## Data extracts
--- START ---

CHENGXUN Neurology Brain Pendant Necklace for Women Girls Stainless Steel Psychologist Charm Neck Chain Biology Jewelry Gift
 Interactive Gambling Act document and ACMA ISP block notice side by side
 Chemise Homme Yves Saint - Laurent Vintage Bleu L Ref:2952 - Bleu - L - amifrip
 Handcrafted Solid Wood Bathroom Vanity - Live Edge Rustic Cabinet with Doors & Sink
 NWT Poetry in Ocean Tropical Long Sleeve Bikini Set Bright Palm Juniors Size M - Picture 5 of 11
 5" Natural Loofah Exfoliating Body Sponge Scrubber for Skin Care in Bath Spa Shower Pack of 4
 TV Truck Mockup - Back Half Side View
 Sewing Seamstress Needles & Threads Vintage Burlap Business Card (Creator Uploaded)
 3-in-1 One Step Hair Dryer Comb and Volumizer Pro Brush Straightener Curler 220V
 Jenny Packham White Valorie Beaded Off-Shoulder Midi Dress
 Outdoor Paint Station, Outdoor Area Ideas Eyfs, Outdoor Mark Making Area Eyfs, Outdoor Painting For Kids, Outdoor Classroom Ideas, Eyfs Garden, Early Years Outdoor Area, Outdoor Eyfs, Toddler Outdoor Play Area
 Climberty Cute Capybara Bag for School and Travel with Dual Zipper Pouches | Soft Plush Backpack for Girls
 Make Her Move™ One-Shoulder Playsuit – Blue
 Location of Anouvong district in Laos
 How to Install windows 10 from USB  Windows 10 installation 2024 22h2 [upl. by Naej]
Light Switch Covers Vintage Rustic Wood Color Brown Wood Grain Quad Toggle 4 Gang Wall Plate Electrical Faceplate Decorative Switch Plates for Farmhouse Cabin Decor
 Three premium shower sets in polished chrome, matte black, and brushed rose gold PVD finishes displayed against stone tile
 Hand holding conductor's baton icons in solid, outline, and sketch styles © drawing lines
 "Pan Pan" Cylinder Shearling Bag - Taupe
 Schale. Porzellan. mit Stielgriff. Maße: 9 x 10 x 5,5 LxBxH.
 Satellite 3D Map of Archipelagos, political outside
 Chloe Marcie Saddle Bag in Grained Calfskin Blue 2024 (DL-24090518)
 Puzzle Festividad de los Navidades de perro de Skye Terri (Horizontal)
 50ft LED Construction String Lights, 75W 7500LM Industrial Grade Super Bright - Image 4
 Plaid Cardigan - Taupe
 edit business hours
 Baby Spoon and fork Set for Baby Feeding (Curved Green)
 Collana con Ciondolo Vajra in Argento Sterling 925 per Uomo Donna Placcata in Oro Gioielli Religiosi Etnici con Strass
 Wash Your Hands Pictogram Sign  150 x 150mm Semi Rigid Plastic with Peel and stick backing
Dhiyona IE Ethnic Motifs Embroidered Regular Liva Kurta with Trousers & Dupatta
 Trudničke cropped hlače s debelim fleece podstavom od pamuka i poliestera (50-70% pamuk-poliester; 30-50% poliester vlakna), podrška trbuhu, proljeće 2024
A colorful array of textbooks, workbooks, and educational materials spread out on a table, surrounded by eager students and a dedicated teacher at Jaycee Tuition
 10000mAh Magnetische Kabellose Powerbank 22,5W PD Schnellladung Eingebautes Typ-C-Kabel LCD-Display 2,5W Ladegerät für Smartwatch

--- END ---

## Problem to work on
Find each line of the data above that holds the word "Wood", then copy it.

## Solution to this exercise
 Handcrafted Solid Wood Bathroom Vanity - Live Edge Rustic Cabinet with Doors & Sink
Light Switch Covers Vintage Rustic Wood Color Brown Wood Grain Quad Toggle 4 Gang Wall Plate Electrical Faceplate Decorative Switch Plates for Farmhouse Cabin Decor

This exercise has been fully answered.